At least 42 Irish construction companies have gone into liquidation or examinership since the start of this year, prompting a trade body to warn parliamentarians of an insolvency crisis that could hit public projects.
The Construction Industry Federation, and other sources blamed the crisis on the price inflexibility of government contracts colliding with rising costs.
Industry figures claim this collision has depressed profit margins to well below the European average.
The revelation came after Irish company Sammon Group went into liquidation last week owed €8m by Carillion for work on a schools public-private partnership.
Newspaper Sunday Independent revealed the number of business failures after seeing email correspondence between "industry insiders" and insolvency experts, which described the trends as "worrying".

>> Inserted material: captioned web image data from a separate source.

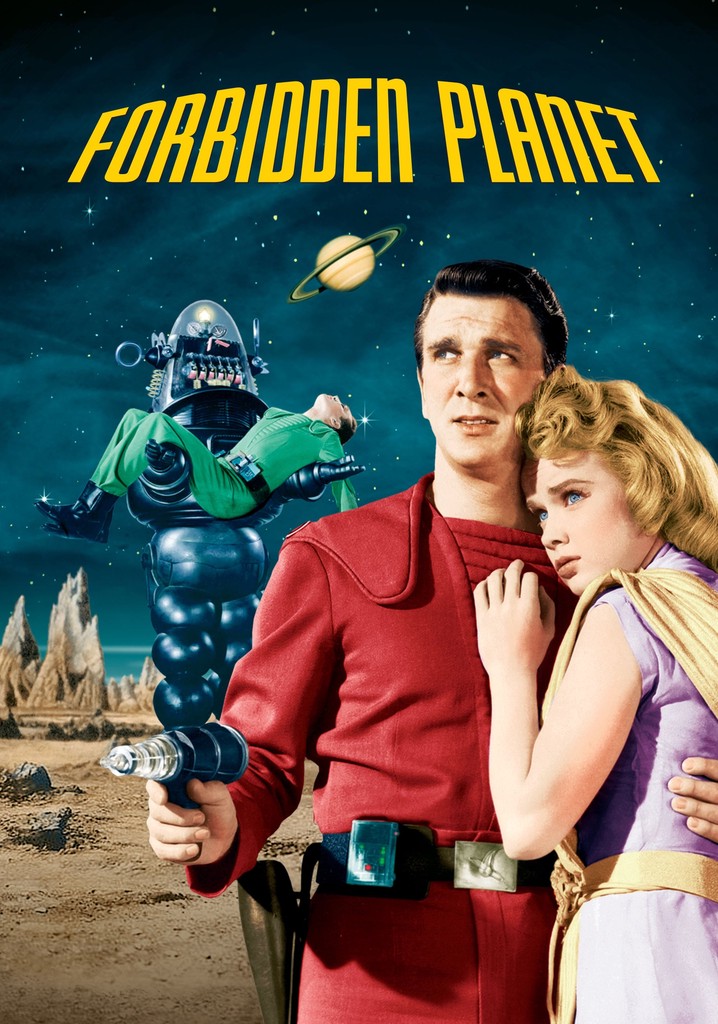 Forbidden Planet streaming: where to watch online?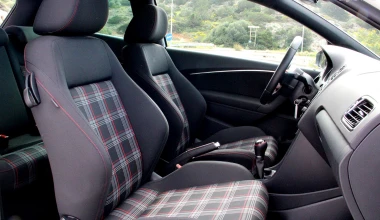 ΔΟΚΙΜΗ: Volkswagen Polo GTI 1.8 TSI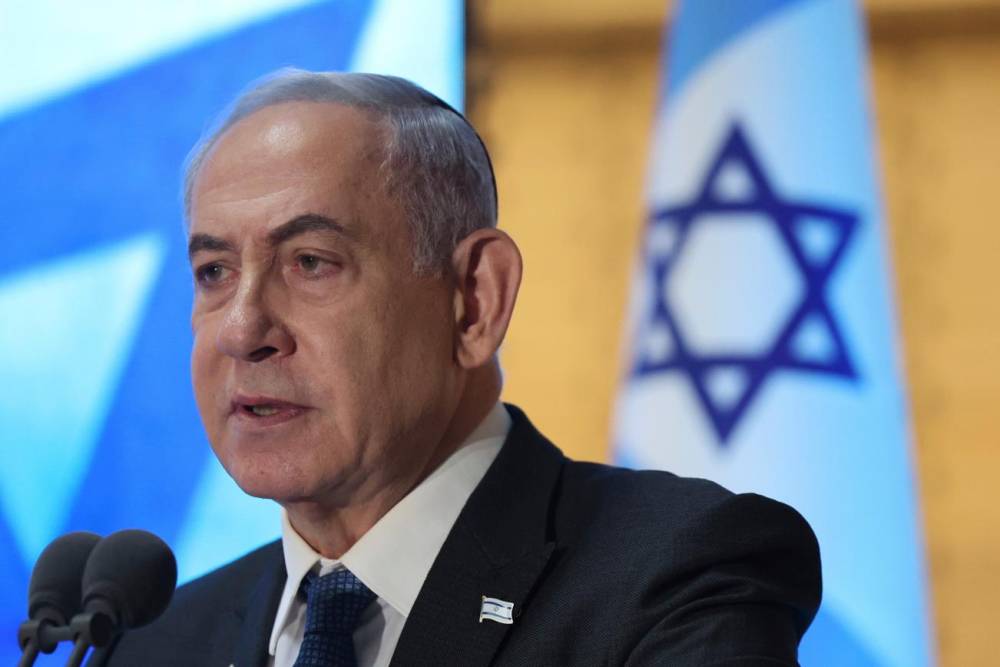 Netanyahu: “Nüvə silahına malik ilk İslam respublikası Britaniya İslam Respublikası olacaq”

They blamed onerous public sector form of contract that has pushed firms into making lower bids for work, plus the fallout from the collapse of Carillion, for what one source described as "a growing epidemic" of liquidations and receiverships.
Construction Industry Federation (CIF) director general Tom Parlon has written to all members of the Dáil Éireann, Ireland’s parliament, to "alert you to an issue threatening construction jobs and the completion of public-sector construction projects in school-building, hospitals, road upgrades, social housing, and renovation of public buildings".
"The inflexibility of Government contracts in the face of substantial increases in input costs mean construction companies may now be forced out of business or to abandon ongoing public-sector projects. The Government contract forces all the risk and costs of unforeseeable issues onto the construction company," said the letter.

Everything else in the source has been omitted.